Task directions: Transcribe the line that contains "Nook Am Checkpoint Charlie *" and every line after it to the end of the records, exactly and nothing else. Skip the pictures.

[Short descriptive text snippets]
=== Section Start ===

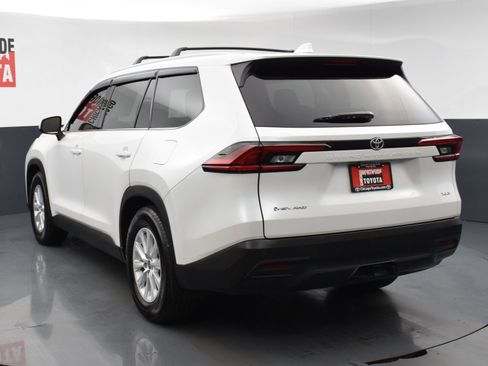 Used 2025 Toyota Grand Highlander AWD Hybrid image 3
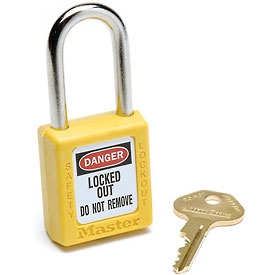 CANDADO MASTER LOCK AMARILLO LLAVE DIFERENTE  image number null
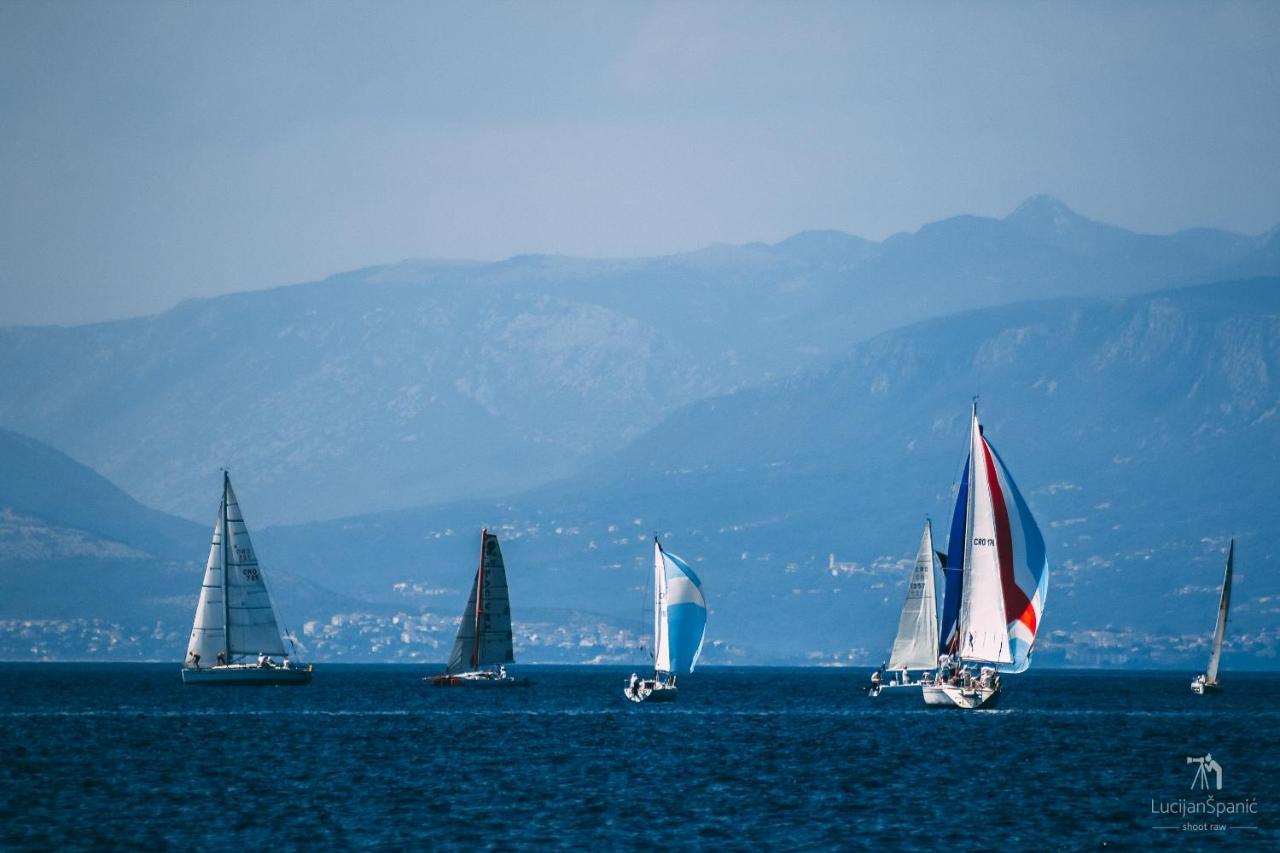 Apartments Lucia Senj 1 Εξωτερικό φωτογραφία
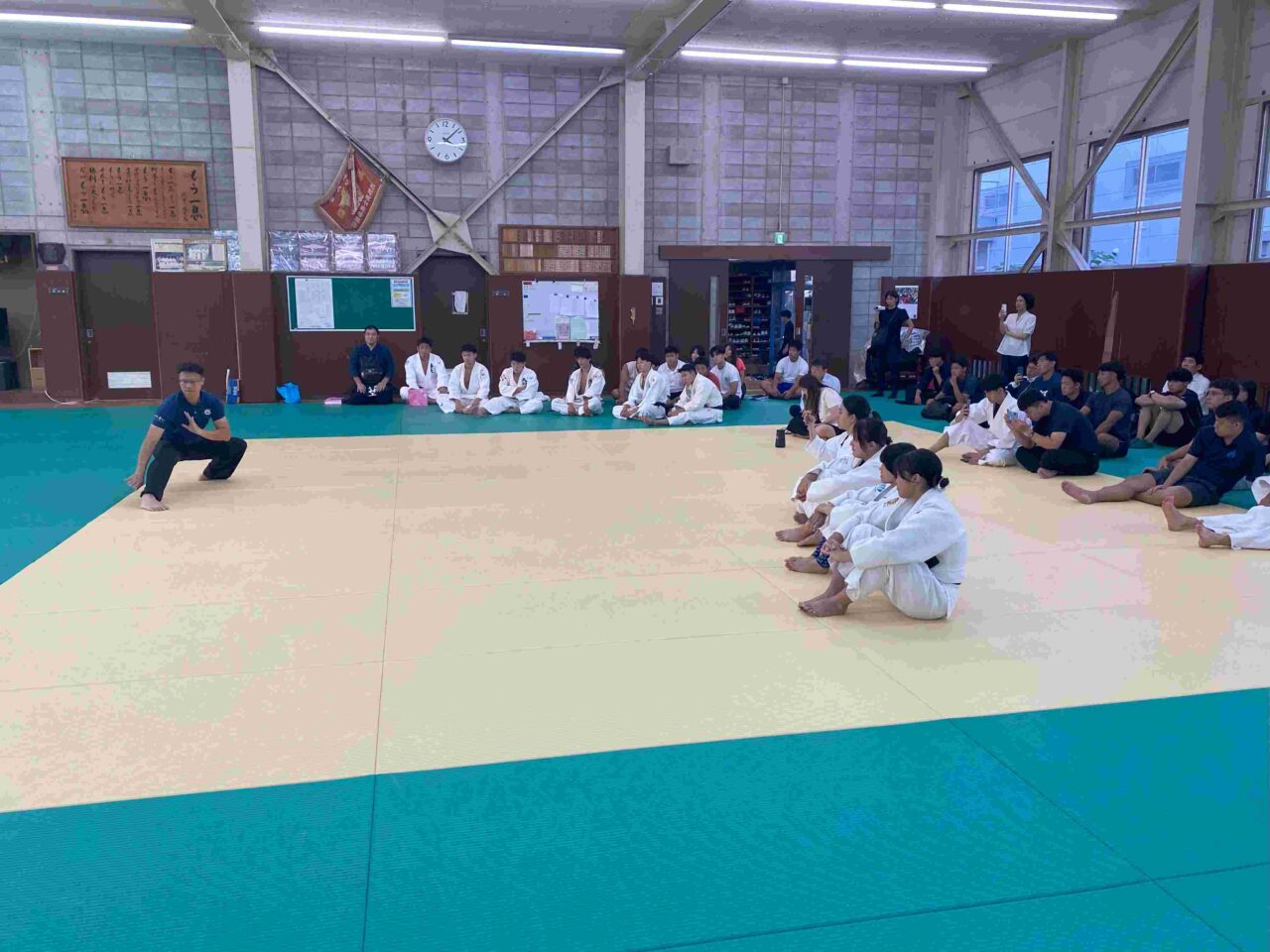 柔道、剣道のクラス合同で、日本の武道と中国拳法のデモンストレーションが行われ、張教授が中国拳法を披露した 【大阪体育大学】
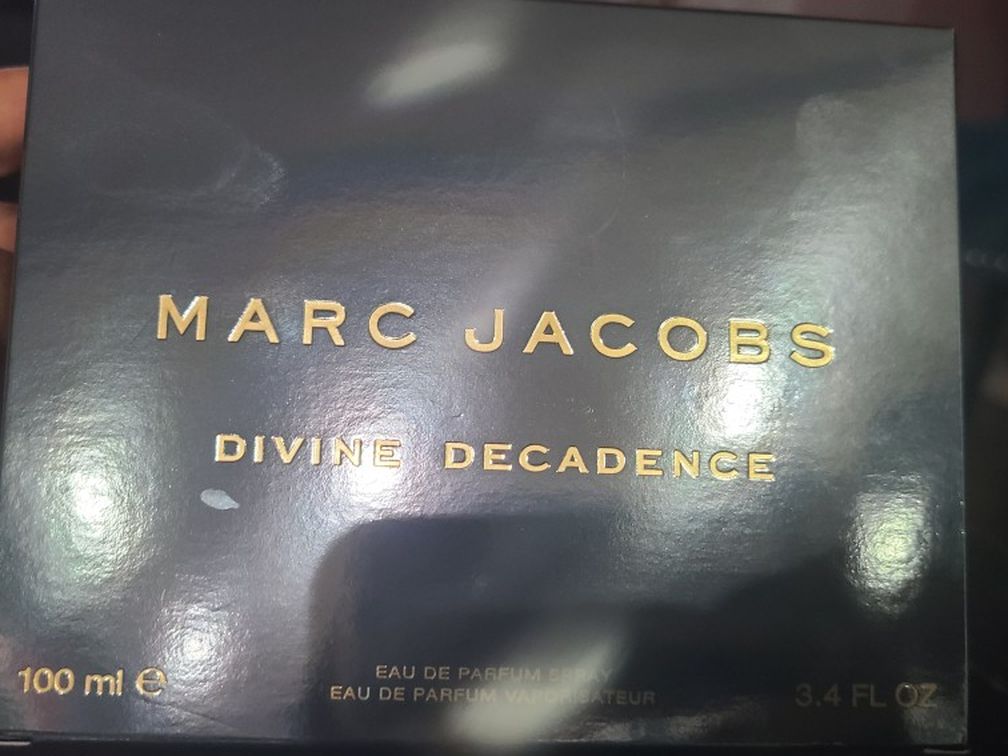 Marc Jacobs Divine Decadence 3.4 Fl.oz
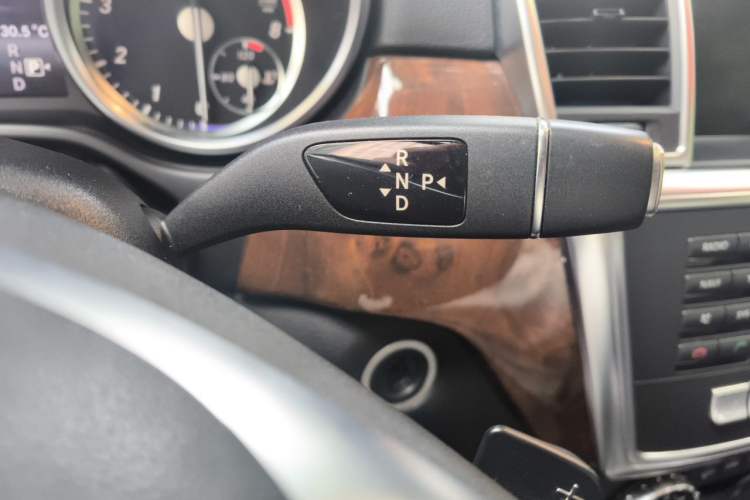 Used Mercedes-Benz M-Class 2014 ML 400 4MATIC Dynamic Model Gear Lever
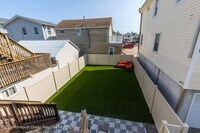 215 Webster Ave photo'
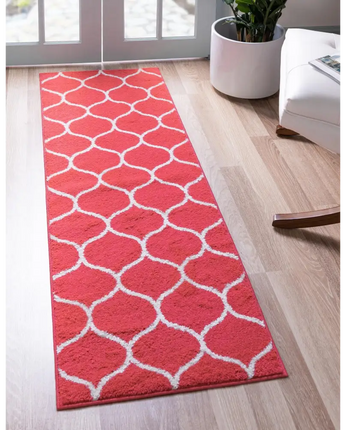 Geometric rounded trellis frieze rug (runners) - Rasberry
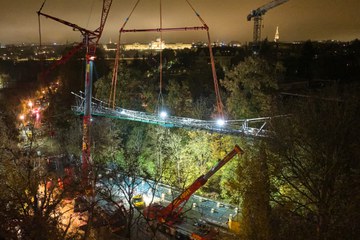 Schönausteg 9 Bild Terence du Fresne. Vergrösserte Ansicht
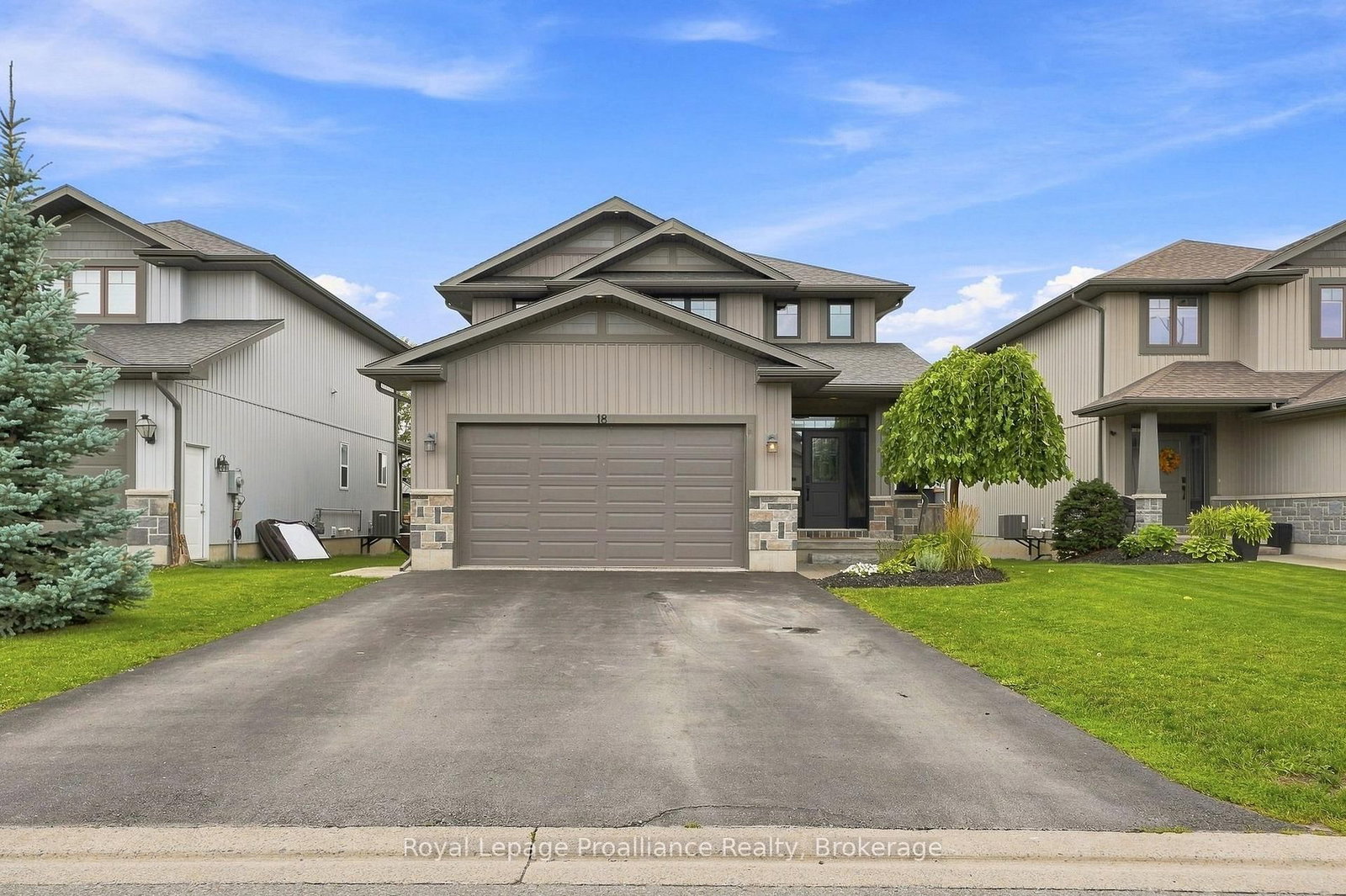 18 Granite Drive • Belleville, ON photo 2
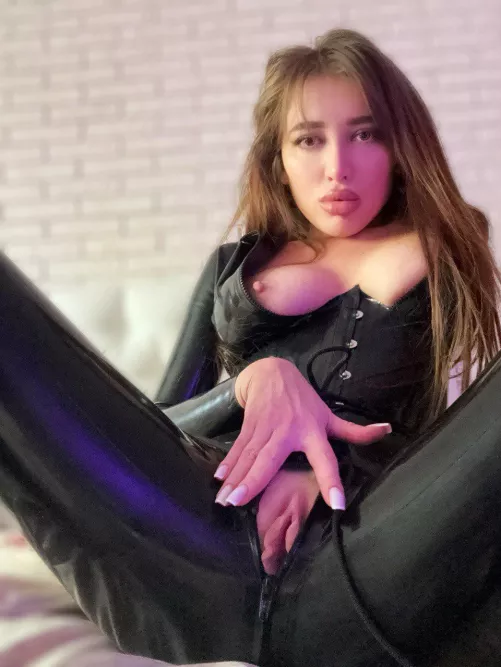 Black latex makes you sweat more so I unzip my pussy 
 by _Latexprincess_
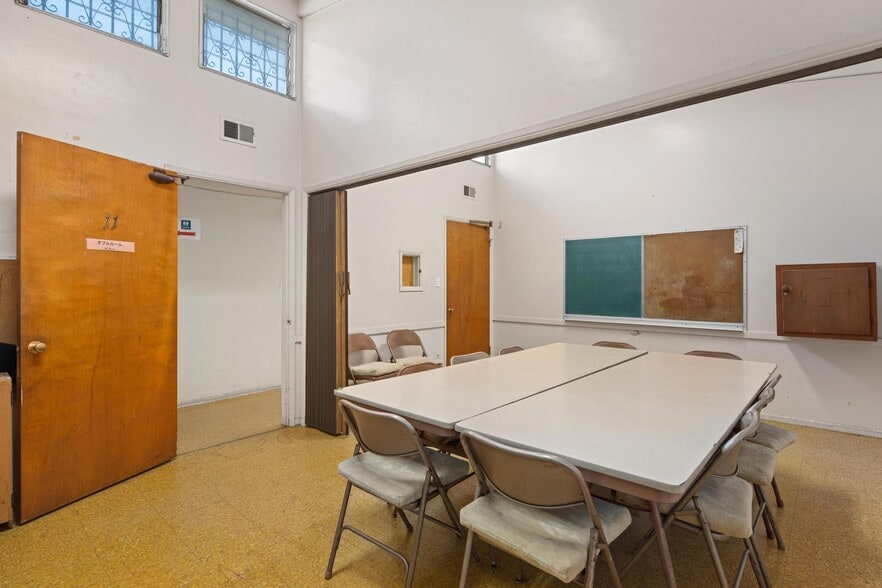 More Photos Of 1920 E St, San Diego Religious Facility For Sale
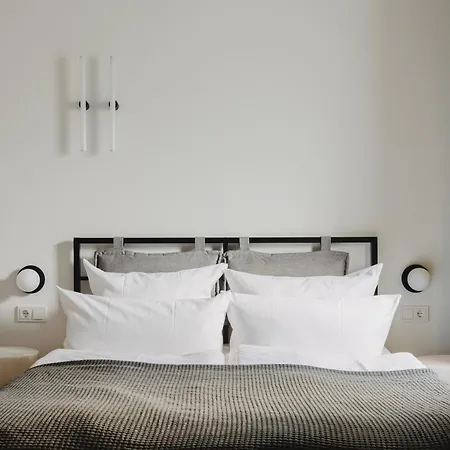 Nook Am Checkpoint Charlie *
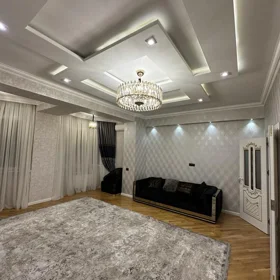 In Baku 124.0 m² apartment is for sale - Image 4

=== Section End ===

Answer for this exercise:
 Nook Am Checkpoint Charlie *
 In Baku 124.0 m² apartment is for sale - Image 4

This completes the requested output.